The personalities are Menachem Begin, Yitzhak Rabin, S.Y. (Shmuel Yosef) Agnon and Rachel the poetess.
And that’s where the issue of the money started getting dirty.
Yediot Aharonot’s Gad Lior followed the $64 million question in detail: Why them? Why now? The wording of the press release says a lot: “Fischer has informed the Committee for the Planning of Banknotes, Coins and Commemorative Coins, headed by Judge Yaacov Turkel...” You might have thought, noted Lior, that it would be the other way round: The committee, which has held serious discussions on the subject for more than a year and a half, is generally expected to make the decision and inform the governor of the Bank of Israel – especially as Fischer’s proposals are opposed by Finance Minister Yuval Steinitz, who had already rejected one set of the panel’s suggestions, because he objects to politicians appearing on the country’s banknotes.

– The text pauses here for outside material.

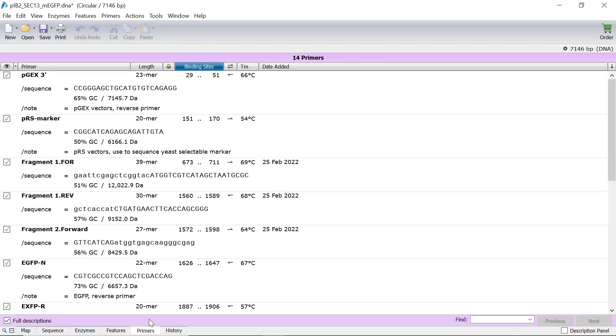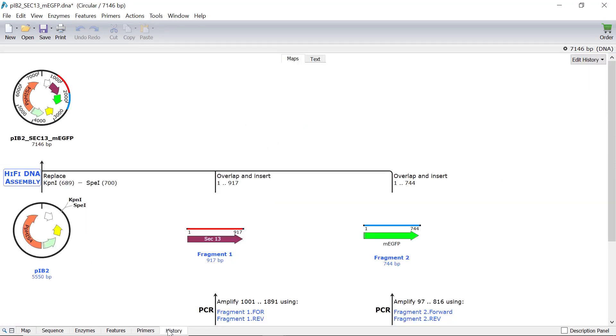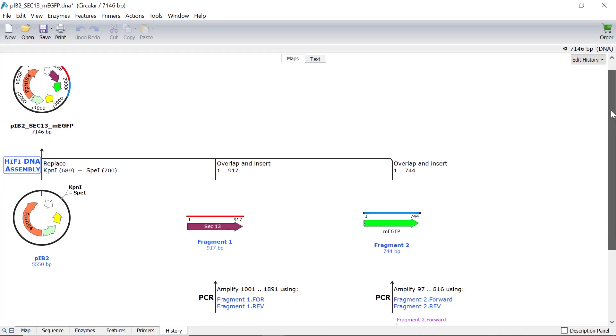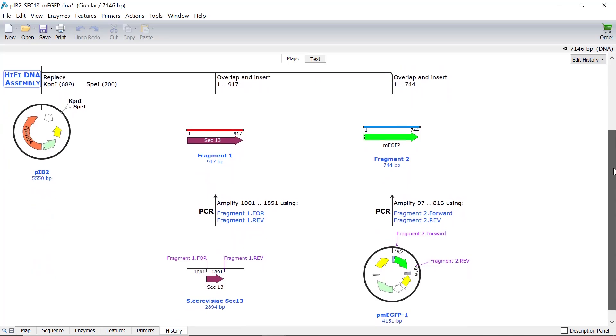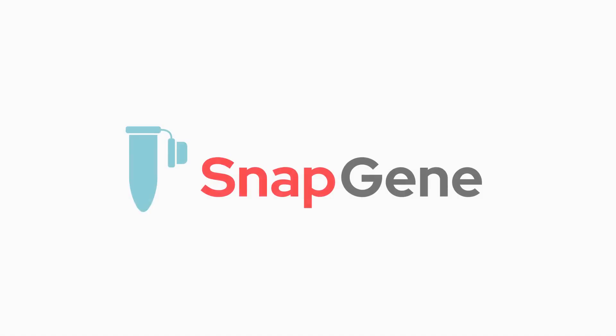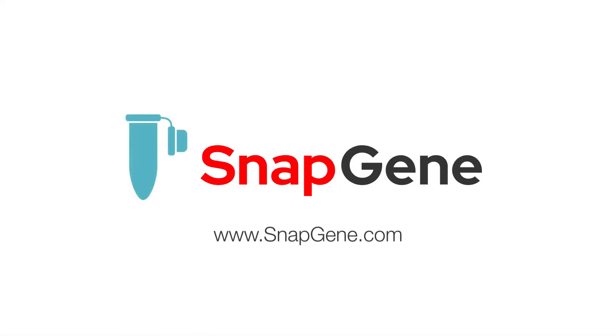And finally, the history tab describes the steps involved with the NEBuilder HiFi assembly to create this product. For more SnapGene tutorials, visit snapgene.com.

In this case, time really is money, and the committee feels that a lot of its work, time and you-know-what has been wasted. Turkel, in case you need a reminder, is busy with several other committees, not least of them the investigation into the Gaza flotilla affair. Floating money should be the least of his concerns.
In a sort of buy-one-get-one-free move, Fischer’s recommendations include two figures in particular who have raised eyebrows (and even hackles). Over the years, the idea of printing Menachem Begin’s image on the country’s currency has been raised more than once, and the family has consistently objected to having the modest late prime minister being thrown around on banknotes – giving, perhaps, a new twist to the phrase “the unacceptable face of capitalism.”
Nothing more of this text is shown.